Life and Death

May 02, 2007 07:14

Living in the desert I am constantly reminded of the struggle for life and the fight against death. This last week seems to be no exception.

Awhile back I was practically the queen of carnage, and not in the way I'd rather be known. (o/~ up on the roof top... *bang* *bang* *bang*) eh-hem... anyway, no, not like that. I'd found a dead kitten, probably four weeks old, in our hay stacks one day, and two weeks later I found a second. I guess when the hay came down from Utah and Winkie was unloading it they saw a cat jump out. Poor barn kitty had her litter in the bales and they either got crushed or seperated when they moved them from point A to point B.

Then there was the dead cotton tail that someone so morbidly strung up by it's hind legs with fishing wire over the well up in all the historic buildings. :P That was during Kid's Camp, and they couldn't find the ranger, so I went and took care of it. Then the damned gimpy roadrunner went and drown himself in Buck's water trough the day we were having broken water line issues.

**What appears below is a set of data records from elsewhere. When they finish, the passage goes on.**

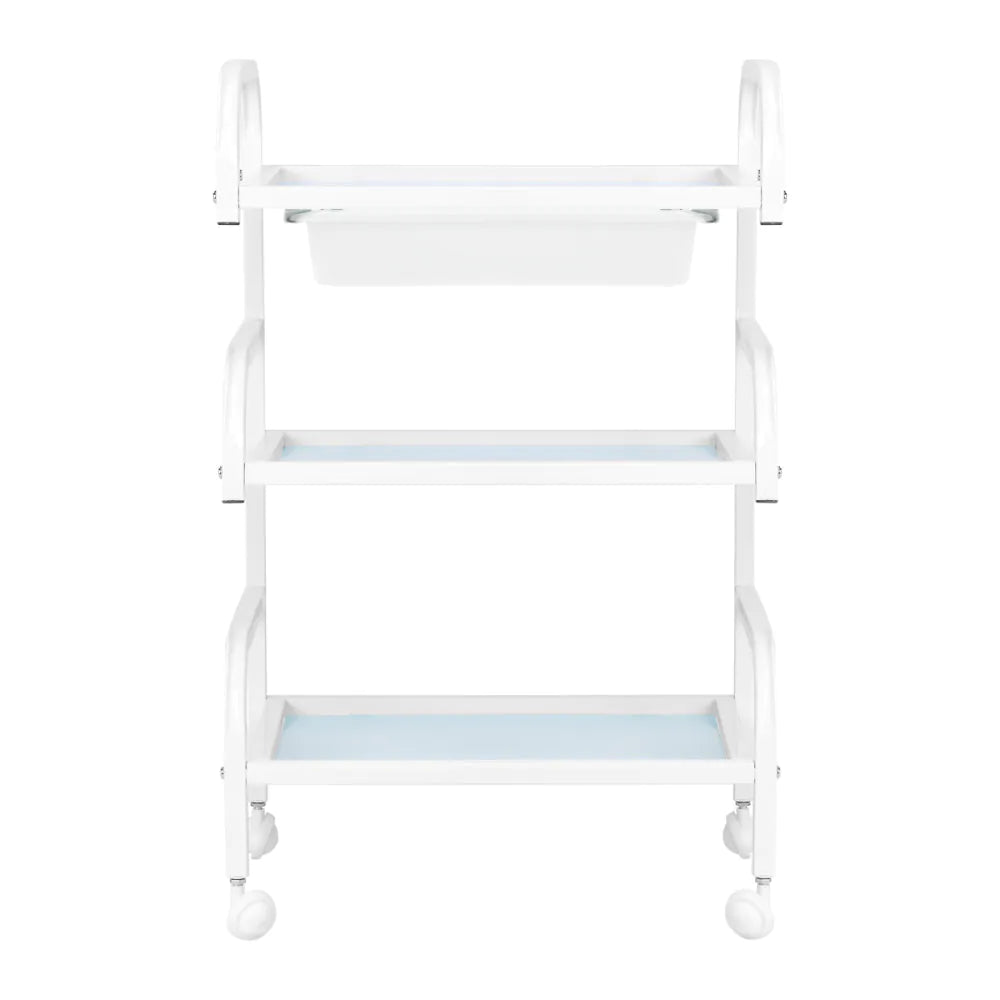 Basic 121 Cosmetics Table White – Salon Trolley with Glass Shelves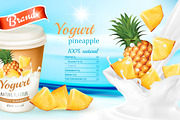 White yogurt with fresh pineapple. 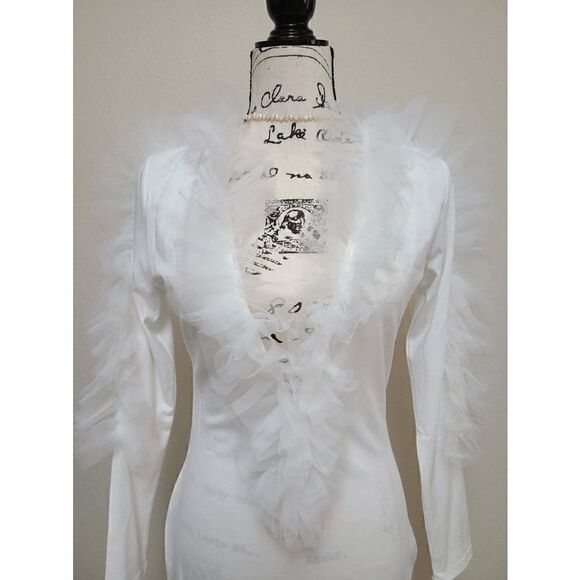 🤍 Deep V-Neck Cleavage Flounce Ruffle Bodycon Party Mini White Dress SIZE M NEW - Picture 9 of 15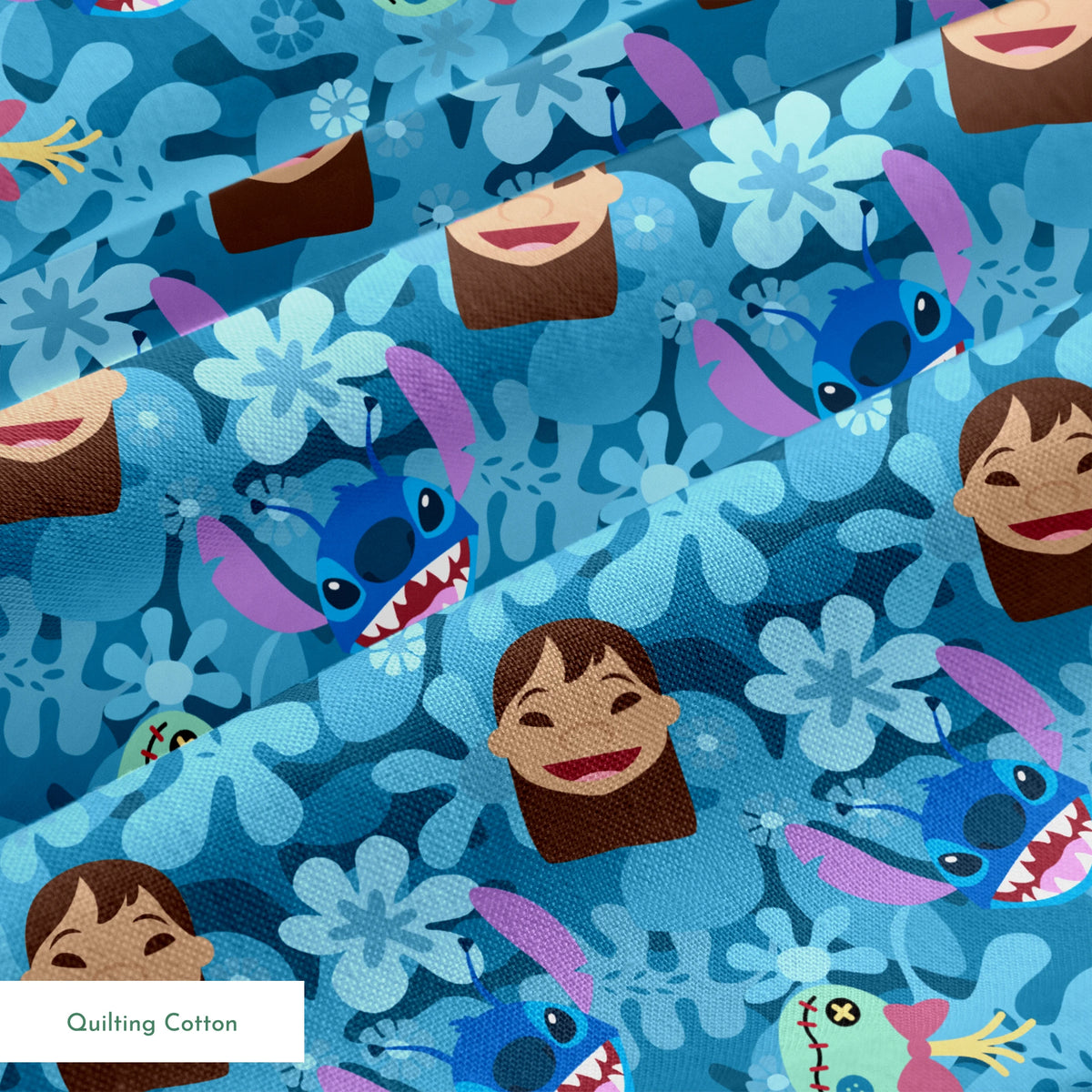 Disney's Stitch among floral elements and smiling faces on turquoise background springs quiltingcotton texture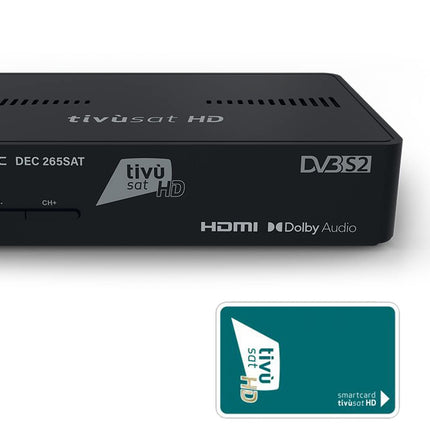 Majestic DEC 265 SAT satelliitvastuvõtja, toetab HEVC Main 10, programmeeritavat kaugjuhtimispulti, HD Smartcardi ja USB-sisendit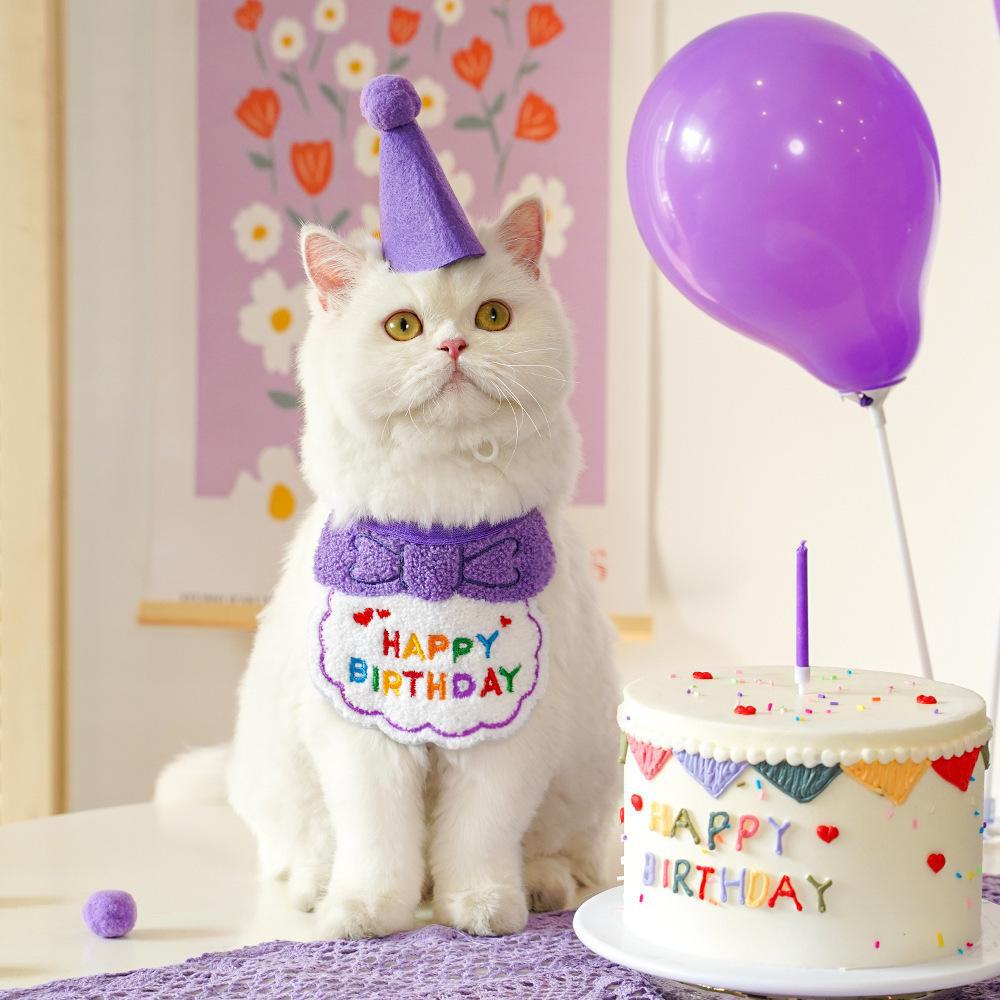 Senye Pet Birthday Bib Scarf & Hat Decoration for Dogs and Cats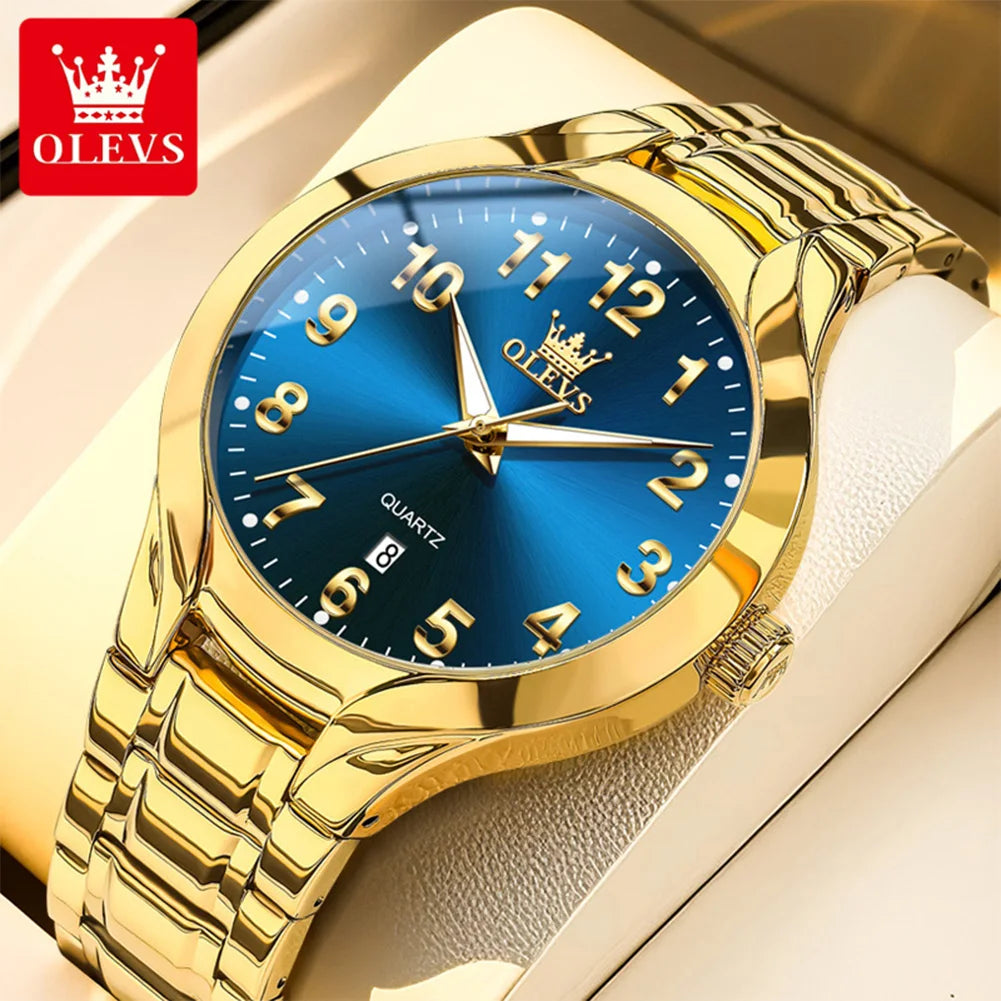 OLEVS 3650 Gold Watches for Men Classic Large Digital Dial Auto Date Waterproof Luminous Original Men's Quartz Wristwatch New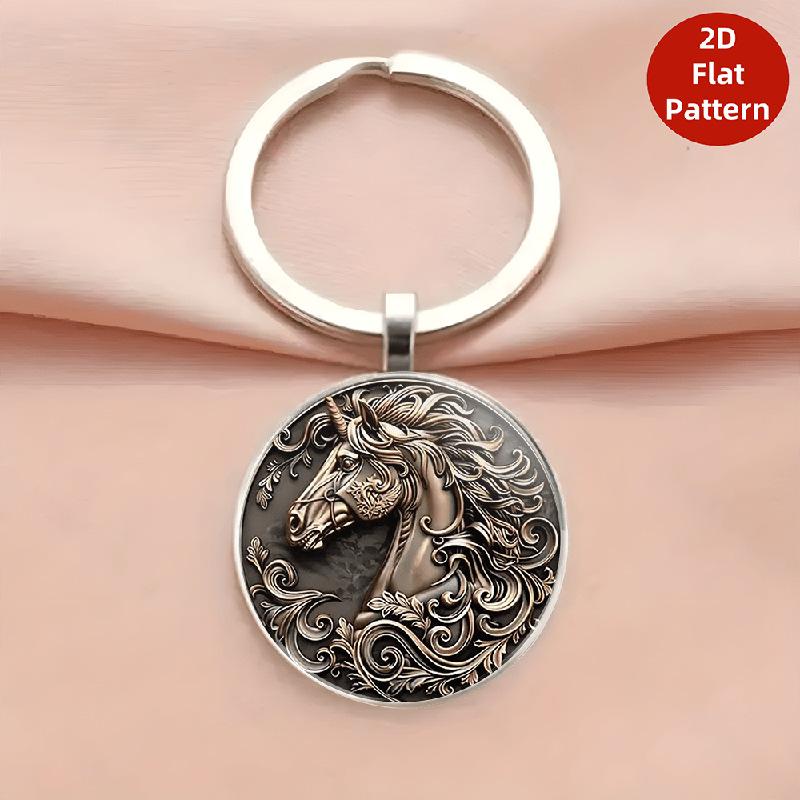 Vintage Horse Head Pattern Dome Glass Alloy Keychain Backpack Pendant Hanging Decoration Car Keyring New Year Gift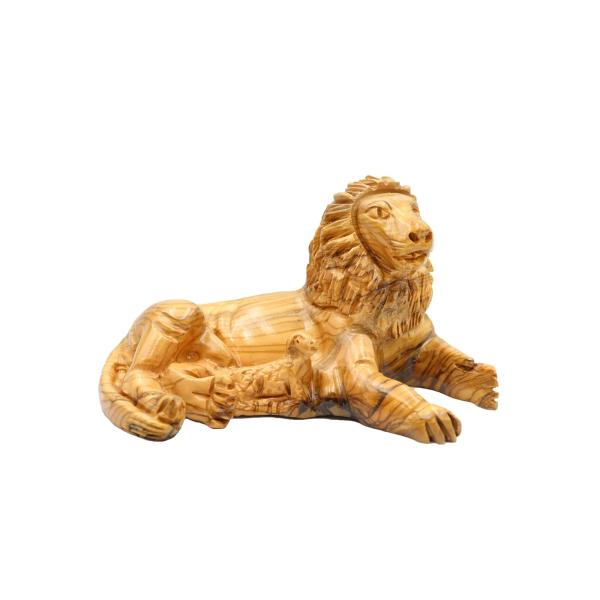Olive Wood Lying Lion and Lamb Carving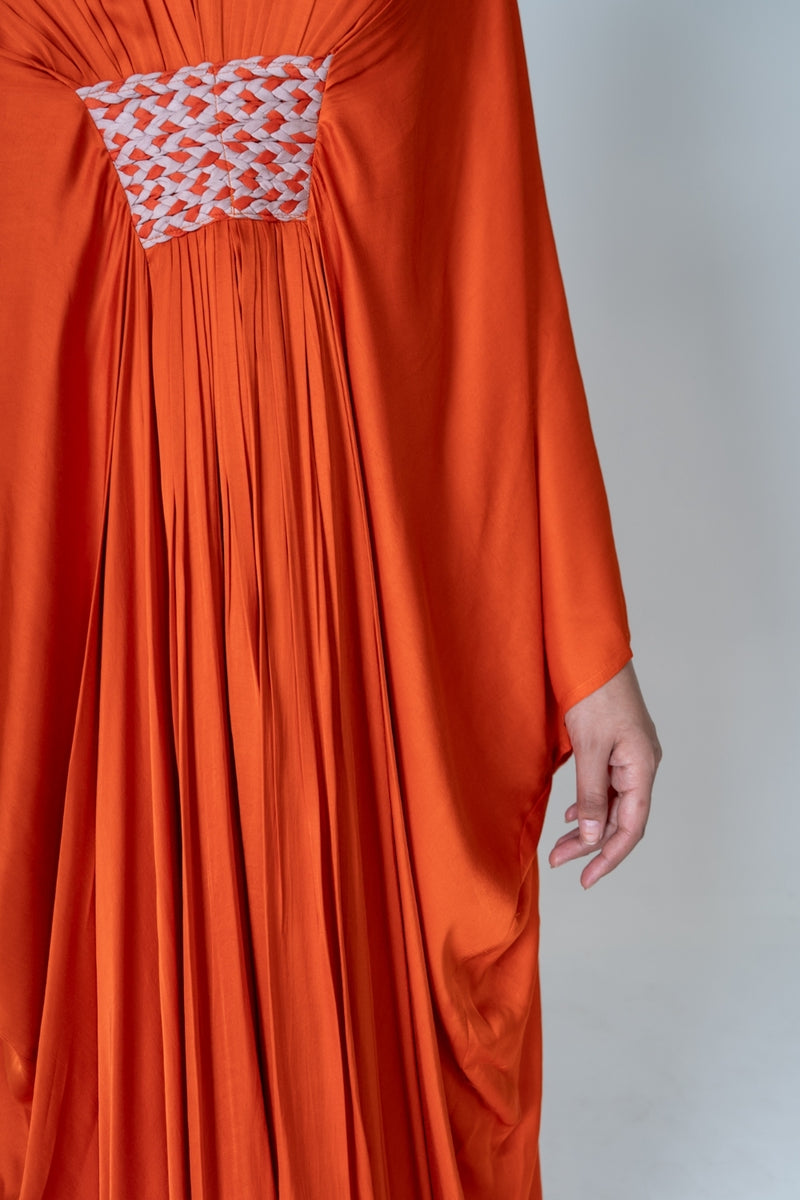 Neora by Nehal Chopra Orange-Pink Braided Long Kaftan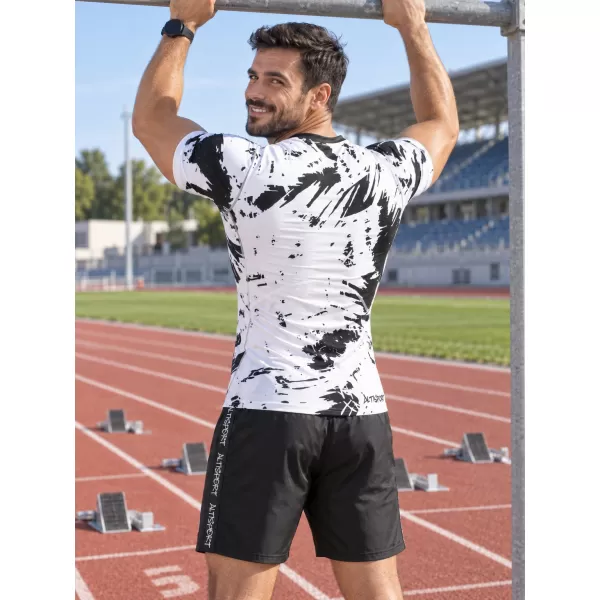  Herren Funktions-Kompressionsshirt mit kurzen Ärmeln Premium ALTISPORT VOJ/ALM036TR04 ABSTRAKTION 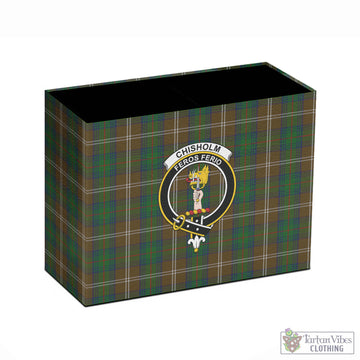 Chisholm Hunting Tartan Pen Holder with Family Crest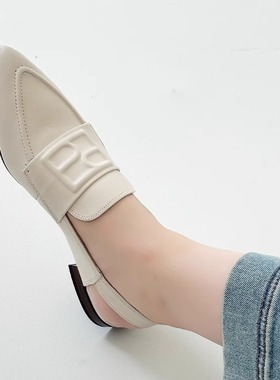 奥地利Hogl友高春夏新品羊皮时尚休闲鞋包头平底穆勒凉鞋100610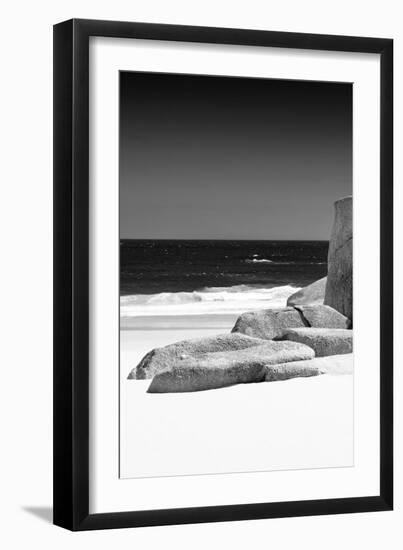 Awesome South Africa Collection B&W - Tranquil White Sand Beach II-Philippe Hugonnard-Framed Photographic Print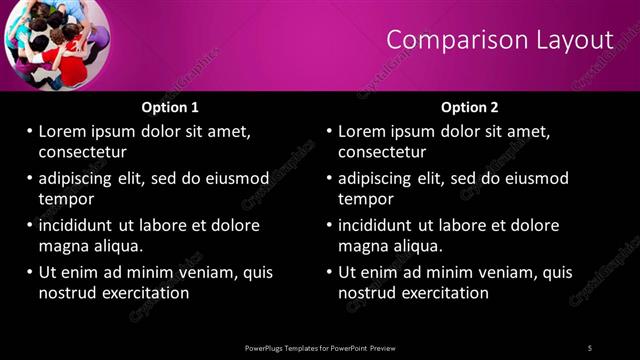 Comparison presentation slide layout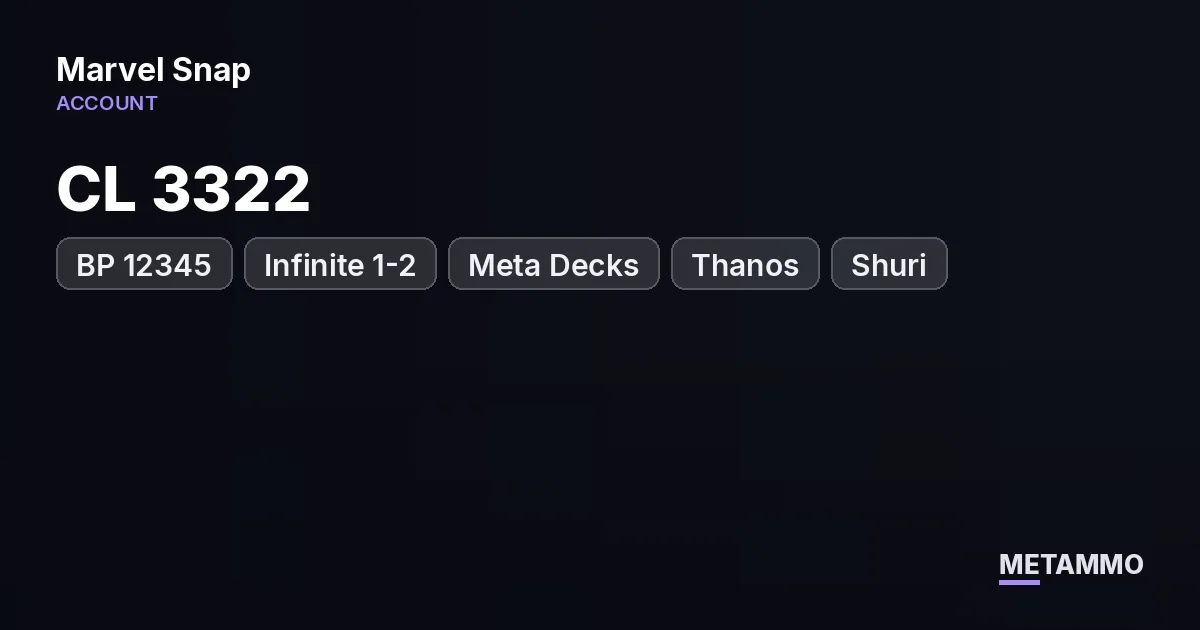 CL 3322 | BP 12345+ | Infinite 1-2 | Meta Decks | Thanos + Shuri - Marvel Snap account summary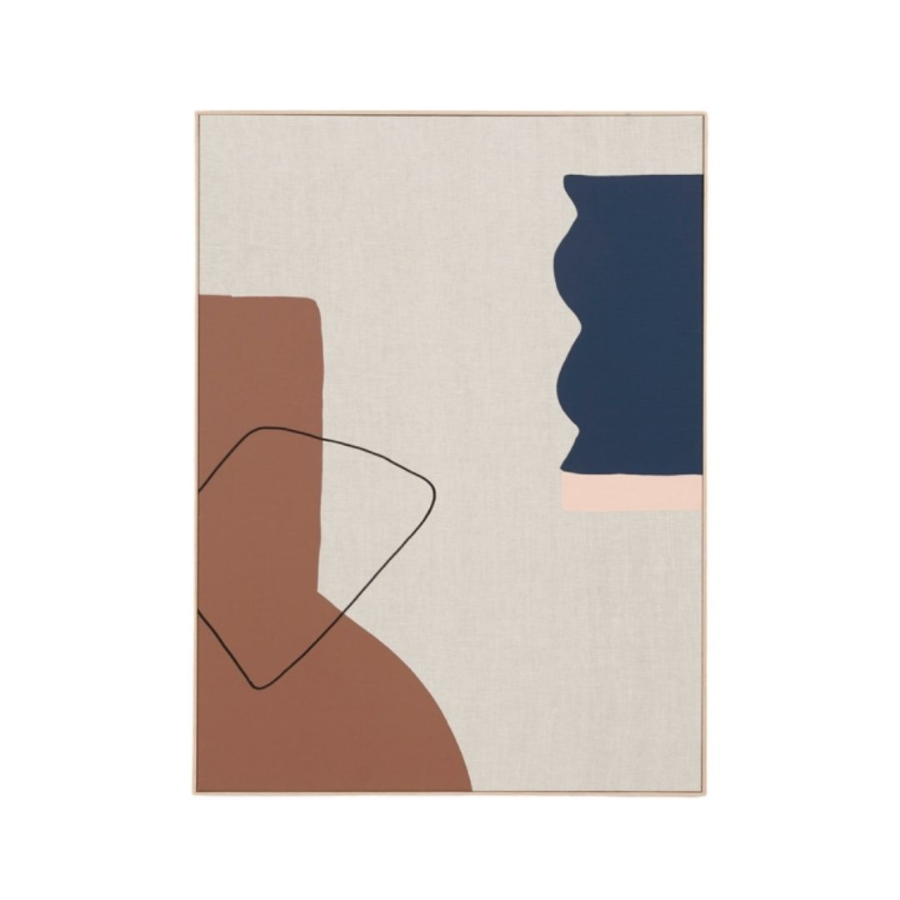 Arles Toffee 1 Framed Screen Print Arles Toffee number 1 Abstract print with block colours of toffee, navy, and dusk on a natural Linen Fabric with Timber Frame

Well the last three days are maybe a balance of power, I'm not sure...

Inside the barn we found that little barn cat. Starved to death and craving people... she was nothing but skin and bones. Yah, you know it, "Winkie, she's coming home." "If she'll let you catch her, you mean." "I don't care, we'll get the carrier if we have to. If nothing else she comes home till she has a belly on her." So Dixie came home, rather happily, without the use of a carrier, sprawled across my lap the whole drive... and I was the driver. She has since settled happily into our home and is adjusting nicely with Bingo and Didi. The sad thing is as she's starting to have a full belly on a regular basis her little titts are starting to engorge once more... only now there are no kittens for her to nurse. She had that litter early too, she can't be more then six months with as tiny as she is.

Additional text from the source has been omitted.